Moon Over Maui

A Jewish Mystical Journey through the Year

Joy Ebbs for the First Nine Days of Av

Written By: Jueli Garfinkle - Jul• 19•12

The new moon of Av should crest in the sky tonight. I’ve anticipated its arrival since last month’s full moon. I always do. Part of my inners start to rumble with the pending intensity of Av, which is split almost equally into two halves.

The month of Av first focuses on consciously walking through the narrow straights of constriction and sorrow. Then at the full moon, power shifts abruptly toward comfort, vitality, and love.

In particular, the first nine days of Av, are a period of mourning. This is a time to grieve historical and present day experiences of hatred, death, destruction, and loss, both personal and universal. Most of the catastrophes in Jewish history—including the destruction of the First and Second Temples in 586 BCE and 70 CE—are said to have taken place in the month of Av.

To be honest, I can’t pretend to be an expert on the Av moon cycle. Certainly not. In fact, until my son was born on Rosh Chodesh Av 5767/2007, I tried to entirely avoid the first half of the month. But I acknowledge Av’s rightful place in the calendar, and I must confess: I don’t enjoy the focus of Av’s waxing moon, but I do value its place within my experience.

The first nine days of Av are set aside in the Jewish calendar to mourn what typically is ignored or dormant within us. Stay in steady contact with your inhalations and exhalations as you allow suppressed emotions to arise within you. What do you feel?  How you are affected? What are you reminded of?

Are you lamenting poor decisions? Feeling devastated by grief or betrayal? Is your mom ill? Did your partner leave? Is national morality shocking? Are you racked with angst about one of your children? Is the state of world religion horrifying?  Politics depressing? Perhaps job loss or physical pain overshadows you.

“As the month of Av enters, we diminish our joy” (Mishnah Ta’anit 4:6). Traditional practices suggest not only petitioning the depths of darkness within you, but also to intentionally shrink your joy in day-to-day living.

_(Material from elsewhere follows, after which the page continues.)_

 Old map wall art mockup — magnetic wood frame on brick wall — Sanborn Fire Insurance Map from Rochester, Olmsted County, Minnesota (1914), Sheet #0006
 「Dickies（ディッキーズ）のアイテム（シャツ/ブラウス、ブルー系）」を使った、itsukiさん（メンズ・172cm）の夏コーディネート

This includes eliminating from your days pleasurable activities that are not a necessity, such as music, parties, shaving, bathing (for relaxation), giving gifts, consuming meat and wine, and more.

Set the stage and allow yourself to feel the depths of your emotions. Make time to feel, write, share, and shed tears. The Babylonian Talmud states, “Even when the gate of prayer is locked, the gate of tears is open” (Bava Metzi’a 59A). Make a listening date with a friend who will compassionately hear your cry. For 15 or 20 minutes a day, write down words flowing from your unedited stream of consciousness with a focus on your deepest feelings of loss, sadness, hatred, and betrayal. Read sacred poetry and lamentations. Be sure to only do these exercises if you feel relatively safe and stable in your life, and typically are in a state of strong emotional health.

Make the most of these first nine days of Av, if you can. The depth of penetration you experience may untangle and start to heal raw emotions festering within you. Be compassionate and brave. Nothing lasts forever. The growing Av moon is a harbinger of comfort and love that arises in just two weeks time, at the full moon of Tu b’Av.